The most direct way to impact blood sugar levels is through a healthy diet. Blood sugar or blood glucose is directly affected by the foods that we eat as carbohydrates are readily converted into glucose, entering the bloodstream and becoming blood sugar.
It’s important to make the right dietary choices to minimize the risk of high blood sugar, and potentially developing type 2 diabetes. At Live Healthy MD, we do not teach diets but instead lifestyle changes, which is exactly what we are talking about below—long term dietary modifications.
The body converts dietary carbs into glucose to be used as energy. Because carbs are so readily converted into glucose, foods high in carbohydrates have the largest impact on blood sugar levels (which normally increase after a high-carb meal). But when you consistently consume too much sugar, the pancreas will secrete extra insulin; and over time, it can’t produce enough to keep blood glucose at normal levels.

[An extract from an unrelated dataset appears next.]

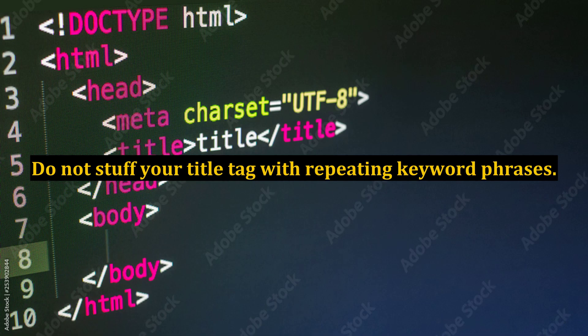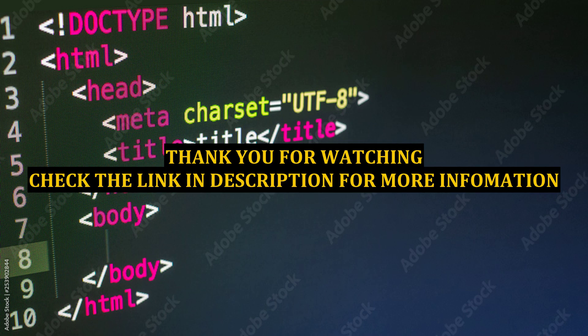Do not stuff your title tag with repeating keyword phrases.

One way for maintaining healthy blood sugar is to simply eat the right type of carbohydrates.
Just like calories—not all carbs are created equal. Every source of carbohydrates has a Glycemic Index (GI), which is a ranking of carbohydrates in food relative to how blood glucose is affected.
Carb sources with a GI index of 55 or less digest slowly, causing a lower and slower rise in blood glucose. Commonly, they’re referred to as “complex carbs.” Carb sources with a GI index closer to 100 are considered “simple carbs,” broken down quickly to be used as energy.
But what makes a carbohydrate complex or simple? Often, it’s how processed the food is.
More processed, sugary items have likely been stripped of all natural fiber, leaving it to be rapidly metabolized into glucose. Whole grains, on the other hand, will have a lower glycemic index (GI).
Consuming low GI carbohydrate sources may help manage blood sugar levels to stay within normal range.
Foods with a low glycemic index include meats, oats, beans, lentils, legumes, sweet potatoes, corn, yams, some fruits, and all non-starchy vegetables.
Instead of considering what types of carbs you’ll eat, another approach is to consume little-to-no carbs. Studies have shown that limiting carbohydrates is an effective strategy for improving glycemic control.
Consuming very few (or zero) carbs and higher amounts of fat can control blood sugar and limit your glycemic response, which can help prevent diabetes.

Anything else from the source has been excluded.